The random variable K is geometric with a parameter which is itself a uniform random variable Q on [0,1]. Find the value fQ|K(0.5|1) of the conditional PDF of Q, given that K=1. Hint: Use the result in the last segment.
the answer is : 1
To find the conditional PDF of Q, given that K=1, we need to find the value fQ|K(0.5|1).
The first step is to find the joint PDF fQ,K(q,k). Since K is a geometric random variable with parameter Q, we know that the PDF of K is given by fK(k) = (1-q)^(k-1)*q, where q is the parameter of the geometric distribution.
Next, we need to find the marginal PDF of Q, which is denoted as fQ(q). The marginal PDF of a random variable can be found by integrating the joint PDF over all possible values of the other random variables. In this case, the possible values of K are 1, 2, 3, and so on.

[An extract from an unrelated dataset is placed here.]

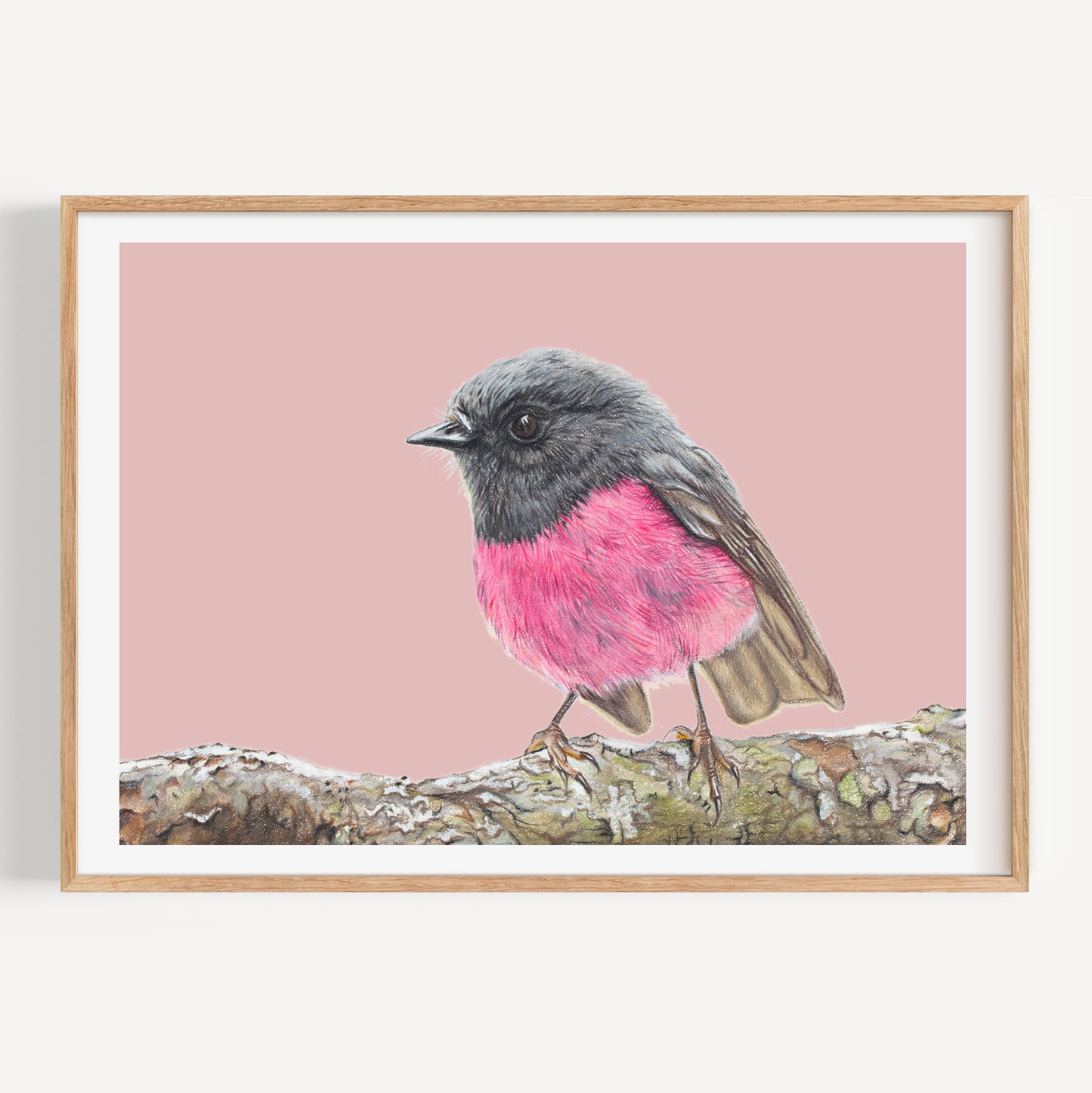 Pink Robin/mauve - Fine Art Print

Since K=1, we can substitute k=1 into the joint PDF and integrate over all possible values of Q (from 0 to 1) to find the marginal PDF of Q.

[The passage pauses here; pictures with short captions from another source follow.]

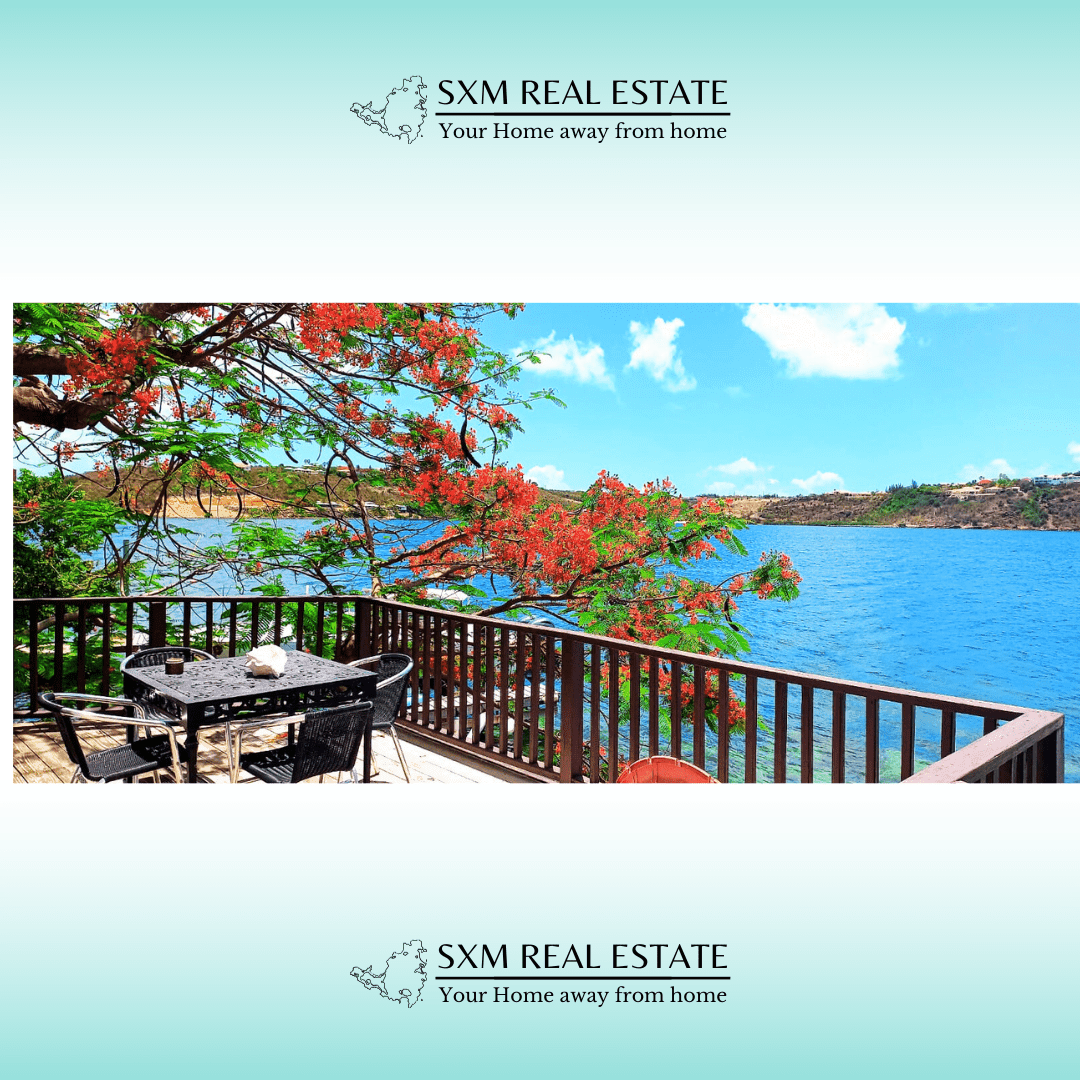 Main property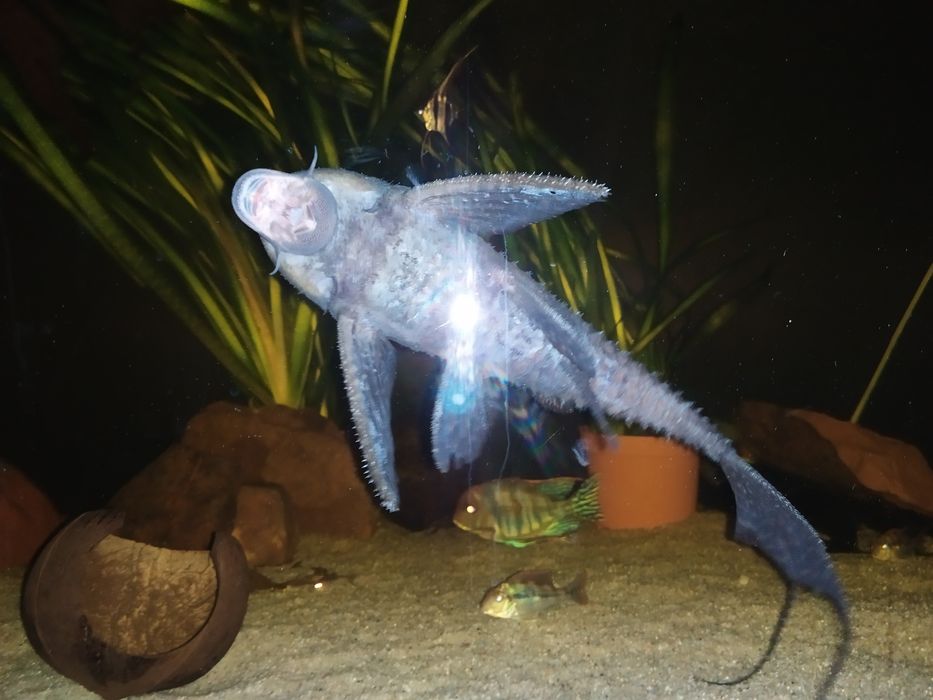 Adonis L155 Zbrojnik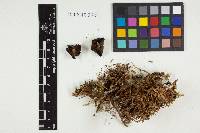 Collybia incrustata image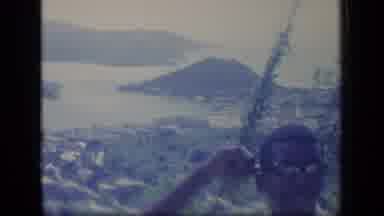 Puerto Rico (1970): Natural View Of Animals And Birds Roaming And Grazings Around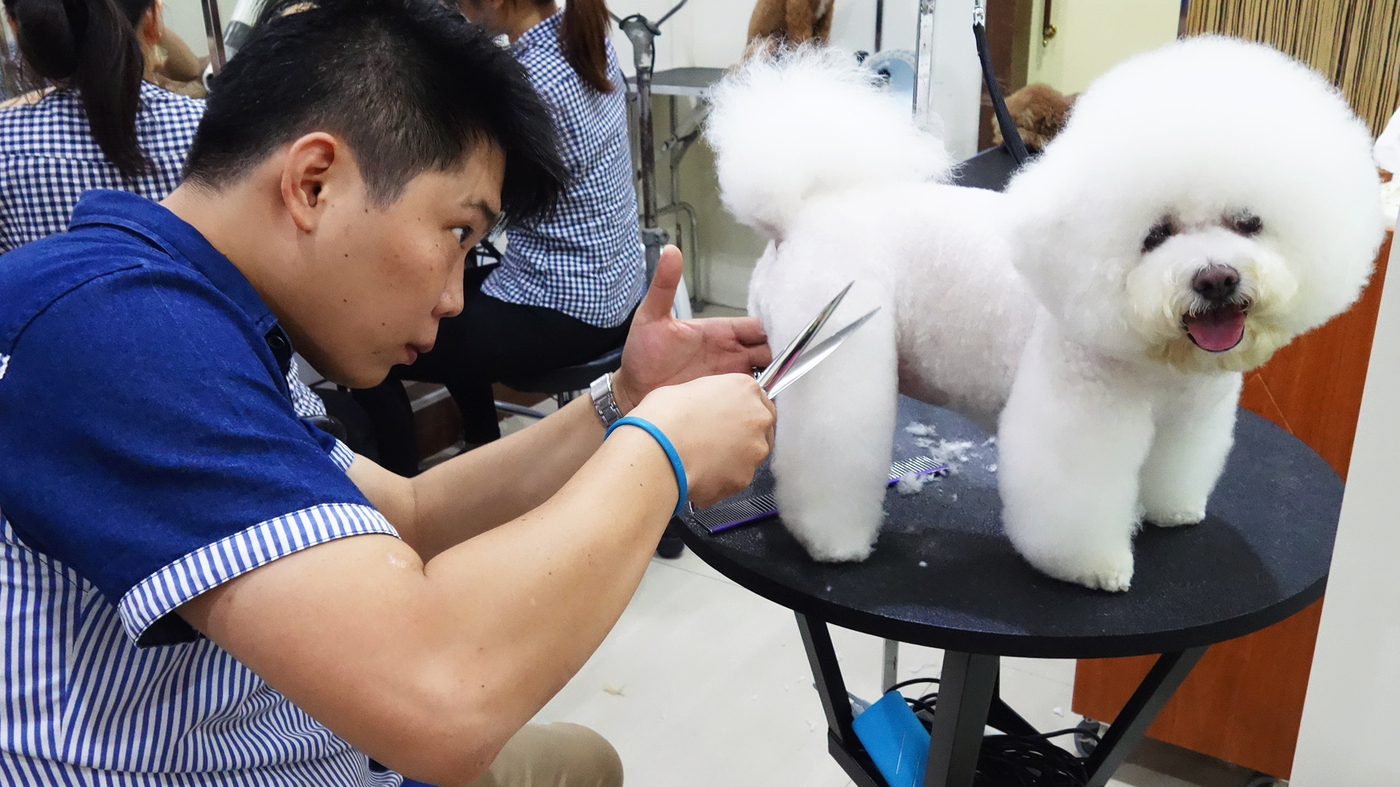 Mobile Dog Grooming Business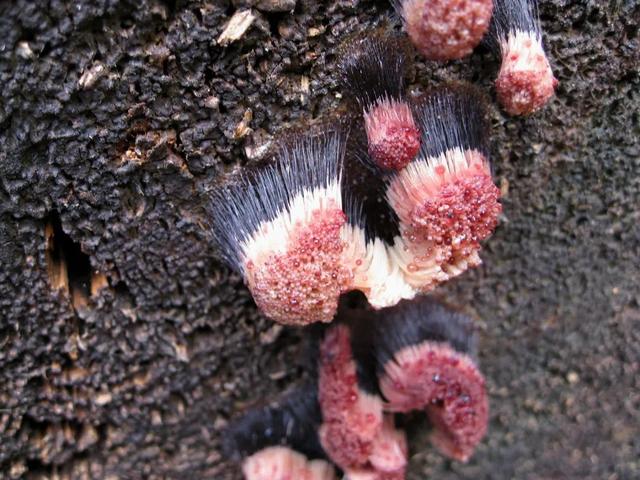 太岁是怎么形成的，化解太岁的三种方法（形成于4万年前、不是植物不是肉）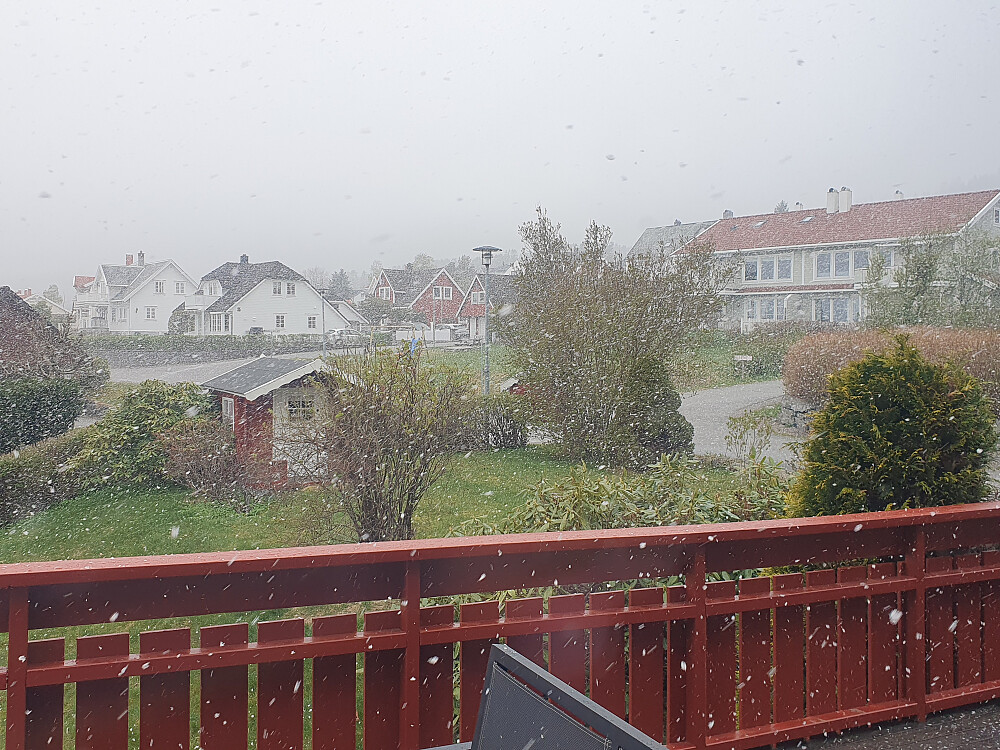 Fra kraftige snøbyger..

So, the marginal PDF can be computed as:
fQ(q) = ∫ fQ,K(q,1) dK = ∫ fQ,K(q,1) * fK(1) dK = ∫ fQ,K(q,1) * (1-q)^(1-1)*q dK = q * fQ,K(q,1).
Now, we know that the marginal PDF fQ(q) is equal to q * fQ,K(q,1). To find fQ|K(0.5|1), the conditional PDF of Q given that K=1, we need to divide the joint PDF fQ,K(q,1) by the marginal PDF fQ(q).
Therefore, fQ|K(0.5|1) = fQ,K(0.5,1) / fQ(0.5) = q * fQ,K(0.5,1) / (q * fQ(0.5)).
The hint suggests using the result from the last segment, which implies that the joint distribution is given by fQ,K(q,k) = fK(k|q) * fQ(q), where fK(k|q) is the conditional PDF of K given Q=q.
In this case, since K is geometric with parameter Q, the conditional PDF of K given Q=q is simply given by fK(k|q) = (1-q)^(k-1)*q.
Therefore, we can substitute fK(k|q) = (1-q)^(k-1)*q and fQ(q) = q into the equation for fQ|K(0.5|1) to get:
fQ|K(0.5|1) = (1-q)^(k-1)*q * q / (q * q * fQ(0.5)) = (1-q)^(k-1) / fQ(0.5).
Now, we just need to compute fQ(0.5) and substitute it into the equation to get the final answer for fQ|K(0.5|1).